DeepSeek

DeepSeek V4: Full Release Breakdown — Features, Benchmarks and How to Use It

DeepSeek V4 is officially released. This article covers the real architecture (CSA+HCA, mHC, Muon), verified benchmarks for V4-Pro and V4-Flash, correct model specs, and exact API pricing to start using DeepSeek V4 today.

John Walter

10 Apr 2026 • 5 min read

DeepSeek V4 is officially released. On April 24, 2026, DeepSeek shipped two production-ready models — DeepSeek V4-Pro and DeepSeek V4-Flash — both available immediately via the DeepSeek API and as open weights under the MIT license. This article covers the real architecture, verified benchmarks, correct model specifications, and exact API pricing you need to start using DeepSeek V4 today.

What Is DeepSeek V4? Two Models, One Release

DeepSeek V4 is a dual-model release built on a Mixture-of-Experts (MoE) architecture.
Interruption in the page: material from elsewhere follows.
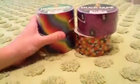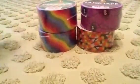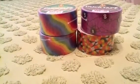So yeah, that's it. Just wanted to show you the new rainbow duct tape. Super excited — go buy it at Michael's right now. Thanks for watching. Please comment, rate, and subscribe. Bye.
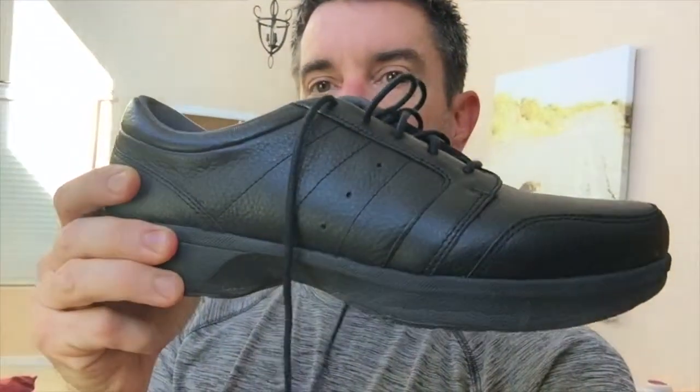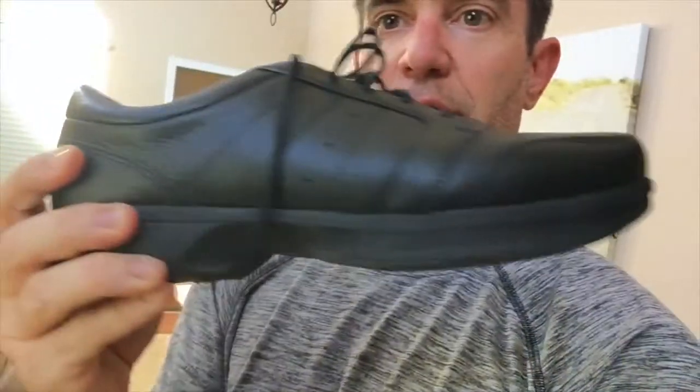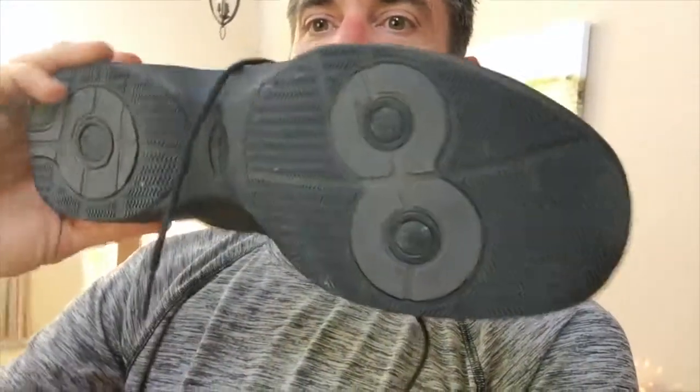Okay, I just got back from putting in about four miles. It was my first test run ever in these Spira dress shoes. Now, from every angle, these things look just like your average dress shoes, except for this one.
Both models support a 1 million token context window with a maximum output of 384K tokens, and both are released under the MIT license — meaning free commercial use and full weights access on Hugging Face.

Model	Total Parameters	Activated per Token	Context Window	Max Output	License
DeepSeek V4-Pro	1.6T	49B	1M tokens	384K tokens	MIT
DeepSeek V4-Flash	284B	13B	1M tokens	384K tokens	MIT

V4-Pro is the flagship model, targeting frontier-level reasoning, coding, and agentic workflows. V4-Flash is the cost-optimized variant — it trades some benchmark headroom for dramatically lower latency and API cost, making it the practical choice for high-volume production workloads. For a detailed comparison with the previous generation, see DeepSeek V4 vs DeepSeek V3.2: What Changed and What Developers Should Use.

DeepSeek V4 Architecture — Three Real Innovations

DeepSeek V4 introduces three architectural changes that separate it from V3.2. Understanding them matters because they explain why V4 can handle 1M-token contexts at a fraction of the inference cost of competing models.

1. CSA + HCA Hybrid Attention

The central innovation is a hybrid attention mechanism that interleaves Compressed Sparse Attention (CSA) and Heavily Compressed Attention (HCA) across Transformer layers.

CSA compresses the Key-Value cache of every m tokens into a single entry using a learned token-level compressor, then applies DeepSeek Sparse Attention (DSA) where each query token attends only to top-k selected compressed KV entries. HCA takes compression further for layers that tolerate greater approximation. The result: at 1M-token context, DeepSeek V4-Pro requires only 27% of the single-token inference FLOPs and 10% of the KV cache compared with DeepSeek-V3.2. That is not a rounding artifact — it is a structural efficiency gain that makes long-context inference economically practical.

2. Manifold-Constrained Hyper-Connections (mHC)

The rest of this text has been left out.